Error 131: Incorrect DocumentDate pattern Field position 14, Linenumber:2 KE|KE_OUT_B2B_OSR_TT_TT_20171025_V1.0.txt|22||Kar|Outward|KAR|PO|082017|29AAACT2438A1ZP|INV|TA|3010482048|2017-11-03||||1|29AAAC|||M/s H . LTD||||29||||||9984||Tel Ser|||||0.00|0.00|9.00|45.00|9.00|45.00|||||590.00||||||||||

instead of what you showed us in post #1 and post #3 in this thread.

But, of course, it is possible that something else (in the code you haven't shown us) cleared $0 before you got to the code you have shown us.

Hi Don,

I agree complete error is below only which you have pasted.
My intention was not to hide anything from anyone.
Just to keep it short and simple i pasted the below

Error 131: Incorrect DocumentDate pattern Field position 14, Linenumber:2

and below is my complete code, to keep is short just removed other validation conditions

awk -F"|" 'NR>1{
if (length($1)>25) {print "Error 101: Source Identifier exceeds the allowed limit","Field position 1, Linenumber:"NR,$0}
if ($1 ~ /[A-Za-z]+[0-9]+/ || $1 ~ /^[0-9]*$/) {print "Error 102: Source Identifier contains String other than characters","Field position 1, Linenumber:"NR,$0}
if (length($2)>50) {print "Error 103: Source File name excceds the allowed limit","Field position 2, Linenumber:"NR,$0}
if (length($14)>10) {print "Error 130: DccumentDate pattern exceeds allowed limit", "Linenumber:"NR,$0}
if ($14 !~ /^[0-9]{4}\-(0[1-9]|1[0-2])\-(0[1-9]|[1-2][0-9]|3[0-1])$/) {print "Error 131: Incorrect DocumentDate pattern", "Field position 14, Linenumber:"NR,$0}
if ($11 ~ /^CAN$/ && $13==$15) {print "Error 208: column 13 and column 15 matches ","Field position 13, Linenumber:"NR,$0}
if ($3 ~ /[^A-Za-z0-9]+/ || $3 != "") {print "Error 209: GLACode contains string contain space","Field position 3, Linenumber:"NR,$0}
#{printf var1}
printf("\n")
}' /Scripts/gt/test1.txt > aj.txt
          

I will stand by my original statement that to get the output you showed us before, the only way to get that output was for line #2 in your input file to be a blank line. That is why it is crucial that you show us the actual output produced by your code instead of an abridged form that hides whatever problem you may actually be encountering.

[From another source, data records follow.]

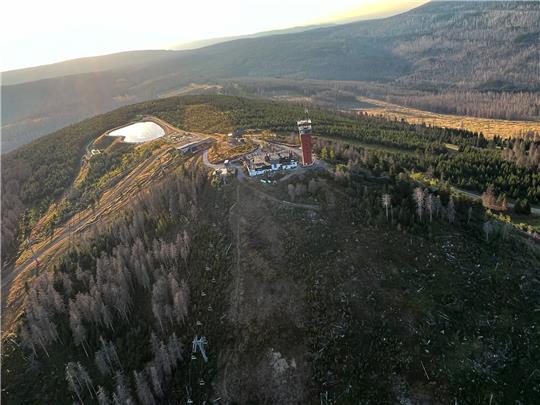 Dr. Rainer Hattenhauer, Gleitschirmflieger aus Bad Sachsa, hat die Auswirkungen des Klimawandels im Harz aus der Luft dokumentiert. Foto: Rainer Hattenhauer/Privat
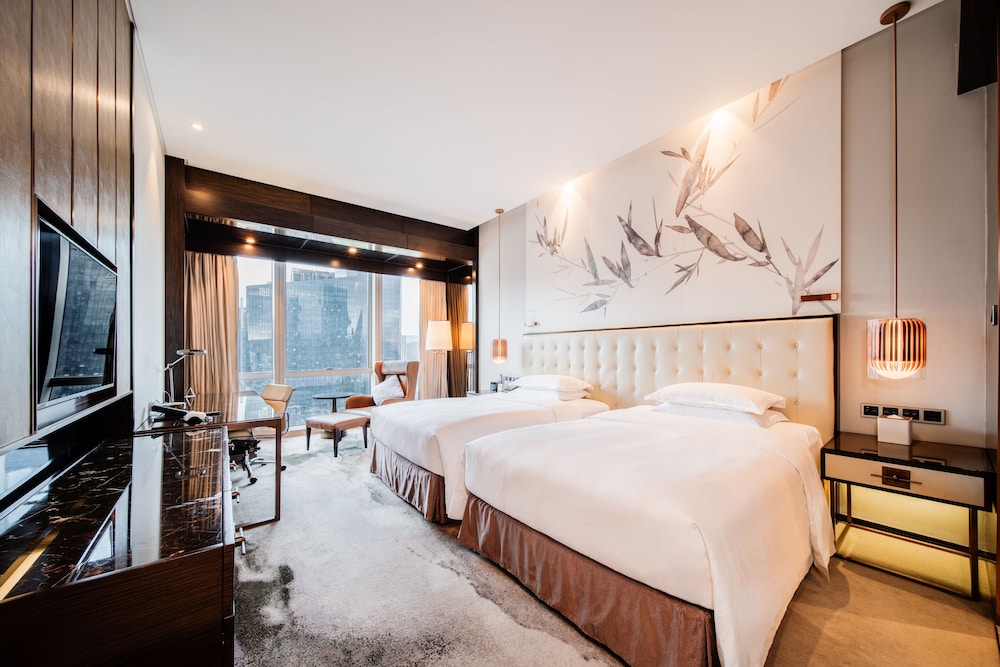 Deluxe Room, 2 Twin Beds, City View thumbnail 5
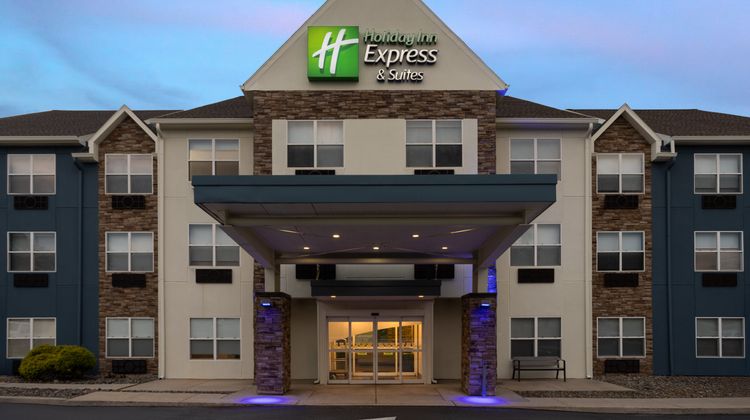 Holiday Inn Express & Suites Wyomissing Exterior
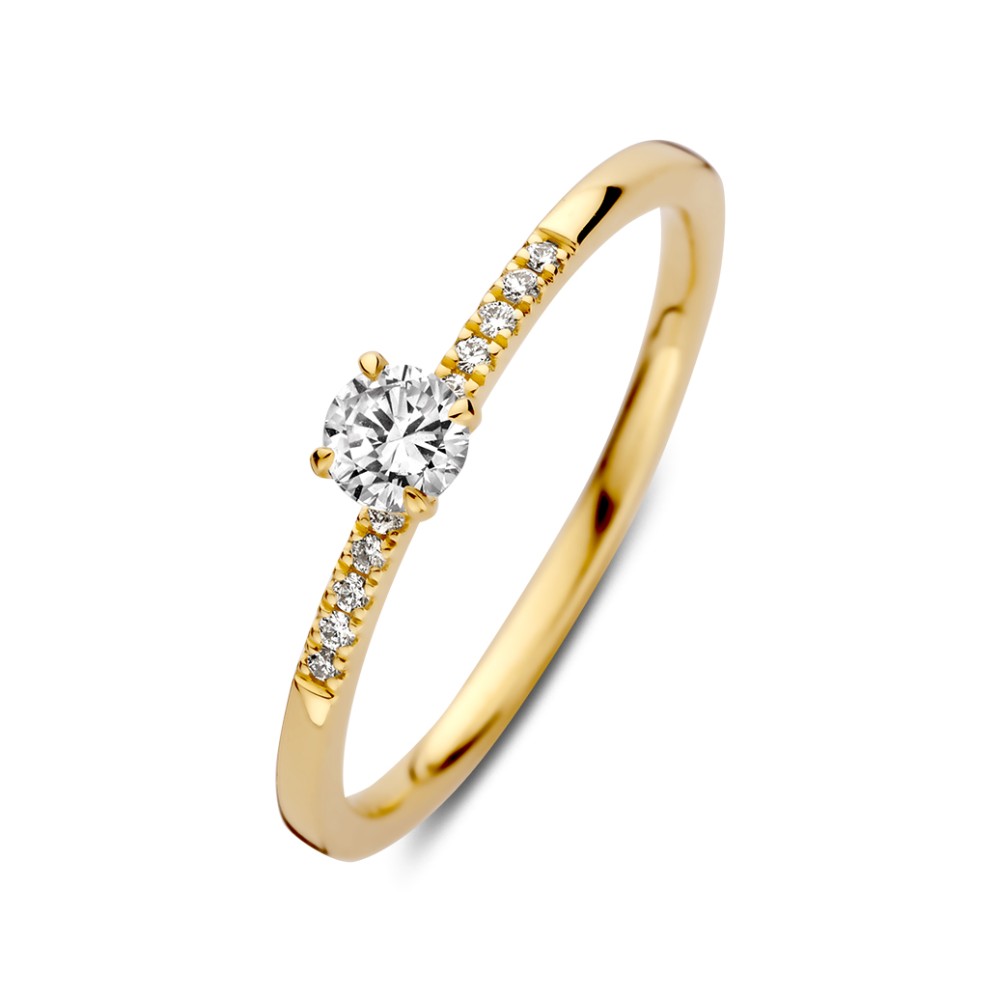 Excellent Jewelry geelgouden ring met Lab Grown Diamant 0.26 crt.
Deze verfijnde 14 karaat geelgouden ring combineert een klassieke solitaire uitstraling met de extra schittering van fonkelende zijdiamanten. De briljant geslepen lab grown diamant van 0.20 crt. vormt het stralende middelpunt, terwijl de zijstenen het totale diamantgewicht op 0.26 crt. brengen en de centrale steen optisch nog meer laten spreken.

De warme glans van het geelgoud geeft de ring een tijdloze en elegante uitstraling, waardoor hij perfect is als verlovingsring of als bijzonder cadeau voor een onvergetelijk moment. De lab grown diamanten zijn optisch, chemisch en fysiek identiek aan natuurlijke diamanten en bieden dezelfde schittering en duurzaamheid. Een stijlvol sieraad waarin klassiek design en verfijnd vakmanschap samenkomen.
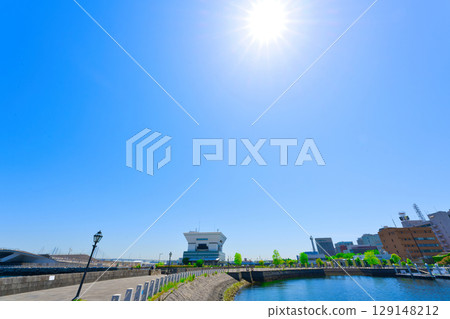 [Kanagawa Prefecture] Visit Yokohama Port's Osanbashi Pier during Golden Week in May 129148212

With the code you showed us in post #1 in this thread:

if ($14 !~ /^[0-9]{4}-(0[1-9]|1[0-2])-(0[1-9]|[1-2][0-9]|3[0-1])$/) {print "Error 131: Incorrect DocumentDate pattern", "Field position 14, Linenumber:"NR,$0}

and with the code you showed us in post #8:

if ($14 !~ /^[0-9]{4}\-(0[1-9]|1[0-2])\-(0[1-9]|[1-2][0-9]|3[0-1])$/) {print "Error 131: Incorrect DocumentDate pattern", "Field position 14, Linenumber:"NR,$0}

and with a simpler, equivalent ERE:

if ($14 !~ /^[0-9]{4}-(0[1-9]|1[0-2])-([0-2][0-9]|3[0-1])$/) {print "Error 131: Incorrect DocumentDate pattern", "Field position 14, Linenumber:"NR,$0}

I do not get any output from any of these three if statements from a file where line 2 in that file is the text you showed us in post #6.

My best guess would be that there is a non-printing character or some other character followed by a <backspace> character that hides the fact that there are other characters present in that field that do not match the ERE in your test. To verify this, show us the output from the command:

od -bc aj.txt

where aj.txt is a file containing the output from running the script you showed us in post #8 containing the diagnostic message I showed you in post #7.